To be fair, filmmaking on this scale is always impressive at least on a logistical level – and so it is with Outlaw King, which is a film with huge battles and thousands of extras and it is impressively mounted in terms of things like art direction and costume design. Yet, telling the story of Robert Bruce’s long war to take control of Scotland back from the English, feels like a much bigger story than this two-hour movie could possibly contain, and everything in it seems rushed. There are so many characters, and the all look the same, that other than the few top billed actors, no one really stands out.
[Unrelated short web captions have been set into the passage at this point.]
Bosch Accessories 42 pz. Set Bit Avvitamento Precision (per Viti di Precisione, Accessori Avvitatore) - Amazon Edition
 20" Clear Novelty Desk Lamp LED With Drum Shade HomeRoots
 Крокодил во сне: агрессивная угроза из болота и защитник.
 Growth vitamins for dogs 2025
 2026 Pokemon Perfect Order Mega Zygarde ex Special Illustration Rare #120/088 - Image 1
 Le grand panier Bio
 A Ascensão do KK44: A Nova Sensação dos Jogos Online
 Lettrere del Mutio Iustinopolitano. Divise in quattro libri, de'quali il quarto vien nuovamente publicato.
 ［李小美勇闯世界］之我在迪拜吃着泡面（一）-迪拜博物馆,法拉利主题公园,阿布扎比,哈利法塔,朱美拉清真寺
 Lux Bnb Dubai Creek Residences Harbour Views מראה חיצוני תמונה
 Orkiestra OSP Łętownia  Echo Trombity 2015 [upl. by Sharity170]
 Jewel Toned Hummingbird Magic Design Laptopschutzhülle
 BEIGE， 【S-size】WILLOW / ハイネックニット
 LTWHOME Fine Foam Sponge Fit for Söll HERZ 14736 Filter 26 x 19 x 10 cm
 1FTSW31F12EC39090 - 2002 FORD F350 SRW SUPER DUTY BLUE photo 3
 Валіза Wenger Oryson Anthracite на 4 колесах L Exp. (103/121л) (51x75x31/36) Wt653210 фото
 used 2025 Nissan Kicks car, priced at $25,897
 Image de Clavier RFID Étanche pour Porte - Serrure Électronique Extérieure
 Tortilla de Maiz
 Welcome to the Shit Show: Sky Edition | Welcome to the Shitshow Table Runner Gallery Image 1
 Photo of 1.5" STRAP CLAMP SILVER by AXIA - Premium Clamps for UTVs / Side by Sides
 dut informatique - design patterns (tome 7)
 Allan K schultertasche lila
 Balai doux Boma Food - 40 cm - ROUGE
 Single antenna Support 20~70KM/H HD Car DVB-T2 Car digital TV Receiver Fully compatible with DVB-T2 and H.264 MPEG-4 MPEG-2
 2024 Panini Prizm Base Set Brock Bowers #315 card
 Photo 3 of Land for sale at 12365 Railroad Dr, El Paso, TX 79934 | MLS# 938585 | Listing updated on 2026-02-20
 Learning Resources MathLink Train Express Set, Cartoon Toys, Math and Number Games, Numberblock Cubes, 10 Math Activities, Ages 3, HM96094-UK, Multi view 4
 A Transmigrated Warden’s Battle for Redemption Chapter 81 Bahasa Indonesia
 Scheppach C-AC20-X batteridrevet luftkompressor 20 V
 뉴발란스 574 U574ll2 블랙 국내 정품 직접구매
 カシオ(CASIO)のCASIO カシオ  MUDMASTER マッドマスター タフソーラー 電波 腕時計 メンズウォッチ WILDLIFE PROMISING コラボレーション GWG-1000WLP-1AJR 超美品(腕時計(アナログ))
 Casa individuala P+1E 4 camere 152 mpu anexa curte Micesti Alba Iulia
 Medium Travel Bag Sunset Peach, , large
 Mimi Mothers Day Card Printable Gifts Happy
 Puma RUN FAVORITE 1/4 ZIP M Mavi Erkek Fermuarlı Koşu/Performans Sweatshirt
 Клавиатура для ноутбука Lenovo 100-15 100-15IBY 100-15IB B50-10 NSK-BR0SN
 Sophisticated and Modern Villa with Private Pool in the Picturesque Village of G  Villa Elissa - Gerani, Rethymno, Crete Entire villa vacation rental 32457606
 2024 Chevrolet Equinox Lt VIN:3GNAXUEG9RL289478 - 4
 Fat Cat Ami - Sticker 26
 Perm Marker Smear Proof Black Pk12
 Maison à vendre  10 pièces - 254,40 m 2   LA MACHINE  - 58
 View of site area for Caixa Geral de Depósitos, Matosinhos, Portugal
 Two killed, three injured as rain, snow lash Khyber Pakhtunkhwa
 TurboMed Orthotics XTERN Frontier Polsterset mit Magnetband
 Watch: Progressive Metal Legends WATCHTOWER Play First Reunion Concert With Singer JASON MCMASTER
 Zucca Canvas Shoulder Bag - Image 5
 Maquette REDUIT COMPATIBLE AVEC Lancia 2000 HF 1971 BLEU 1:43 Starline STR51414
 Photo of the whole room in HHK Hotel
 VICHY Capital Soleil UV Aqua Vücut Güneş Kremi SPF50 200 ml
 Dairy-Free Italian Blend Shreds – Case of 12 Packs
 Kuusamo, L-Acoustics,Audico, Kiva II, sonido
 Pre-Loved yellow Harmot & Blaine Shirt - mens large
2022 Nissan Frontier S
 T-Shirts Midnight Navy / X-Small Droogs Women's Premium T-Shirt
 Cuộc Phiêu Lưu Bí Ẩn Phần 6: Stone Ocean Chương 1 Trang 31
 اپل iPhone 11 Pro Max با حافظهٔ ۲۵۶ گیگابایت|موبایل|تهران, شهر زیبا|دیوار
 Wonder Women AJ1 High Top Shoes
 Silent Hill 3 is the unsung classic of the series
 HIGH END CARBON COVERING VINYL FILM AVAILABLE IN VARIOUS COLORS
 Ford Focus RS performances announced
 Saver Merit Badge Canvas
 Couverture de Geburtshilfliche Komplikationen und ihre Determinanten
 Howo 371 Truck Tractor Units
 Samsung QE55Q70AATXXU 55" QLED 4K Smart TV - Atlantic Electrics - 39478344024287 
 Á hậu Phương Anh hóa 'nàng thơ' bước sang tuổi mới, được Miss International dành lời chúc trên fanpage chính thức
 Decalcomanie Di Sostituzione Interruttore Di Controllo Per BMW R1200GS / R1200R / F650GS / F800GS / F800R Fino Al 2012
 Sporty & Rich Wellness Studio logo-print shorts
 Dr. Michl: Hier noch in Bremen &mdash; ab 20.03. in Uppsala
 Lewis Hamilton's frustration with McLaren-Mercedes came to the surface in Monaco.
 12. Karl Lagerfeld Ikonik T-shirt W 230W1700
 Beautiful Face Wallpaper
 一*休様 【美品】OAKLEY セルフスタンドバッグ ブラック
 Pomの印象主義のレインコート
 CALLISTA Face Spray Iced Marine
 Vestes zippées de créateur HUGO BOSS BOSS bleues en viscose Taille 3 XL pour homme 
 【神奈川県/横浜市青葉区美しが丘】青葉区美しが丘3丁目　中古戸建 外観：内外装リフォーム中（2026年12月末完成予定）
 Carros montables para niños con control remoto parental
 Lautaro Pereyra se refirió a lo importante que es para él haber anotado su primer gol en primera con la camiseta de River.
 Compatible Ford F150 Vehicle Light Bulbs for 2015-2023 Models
The film is more than a little bit of a slog between one battle sequence and the next, and while those are handled well by director David Mackenzie, they don’t come close to Gibson’s battle sequences in Braveheart – and are basically merely competent, when they should be thrilling.
 
It doesn’t help much that at the center of the movie is Chris Pine’s performance as Bruce. Pine is not Scottish – and his accent isn’t terrible, but it isn’t great either, and seems to fade in and out at times – and looks particularly weak when speaking with actual Scottish actors. Pine seems to want to play Bruce as a kind of stoic leader – a man of few words, who lets his actions speak loudest. But there is a difference between stoic and dull, and Pine comes out on the wrong side of that line. You cannot accuse Aaron Taylor-Johnson as underplaying his role as James Douglas – a man who has watched his family destroyed by the British, and even has his name taken away, as Taylor-Johnson revels in the bloodlust of all the battles. Yet, there’s no real character for him to play here, and watching the film on Netflix with my wife, we had more fun making fun of how many times he yelling out the name Douglas when killing people than actually watching his performance. Billy Howle, who I didn’t much like in either On Chesil Beach or The Seagull this year, continues his streak of delivering performances I don’t like, as the Prince of Wales – an idiot, but like Taylor-Johnson he tries to go over the top, but with less success.
 
The only performance in the movie I really liked was Florence Pugh, as the Englishwoman who becomes Bruce’s second wife. I loved Pugh in last year’s Lady Macbeth – and apparently so did everyone who saw it, because she’s showing up in everything this year, and I’m all for it. Her performance and role start off strong – she is a smart, strong woman, who takes her husband’s side, and pushes him forward – but eventually, the movie even wastes her talents as she becomes the more typical woman in distress that these movies all have.
 
Director David Mackenzie has had an interesting career – he is a workman like director more than an auteur, and he was likely given the budget Netflix gave him for this film (around $90 million) because of the success of his last film, Hell or High Water, which starred Pine in his finest work to date as an actor. Perhaps Mackenzie just works better on a smaller scale – as a production of this size just kind of gets away from him. You can make the argument however that in this day of age, a limited series would be better for this type of a story – a 10-hour epic, that had the chance to define the characters by more than one-character trait, and didn’t seem so much in a rush to get to the next impressively mounted battle scene. The flip side to that of course is that had a limited series been as deathly dull as this movie, it would be painful to watch - although your friend, who seemingly binge watches every Netflix series the day it was released would be sure to tell you that it gets better after about 7 hours, and you just have to stick with it – so maybe we’re better off just wasting two hours of your life on this movie.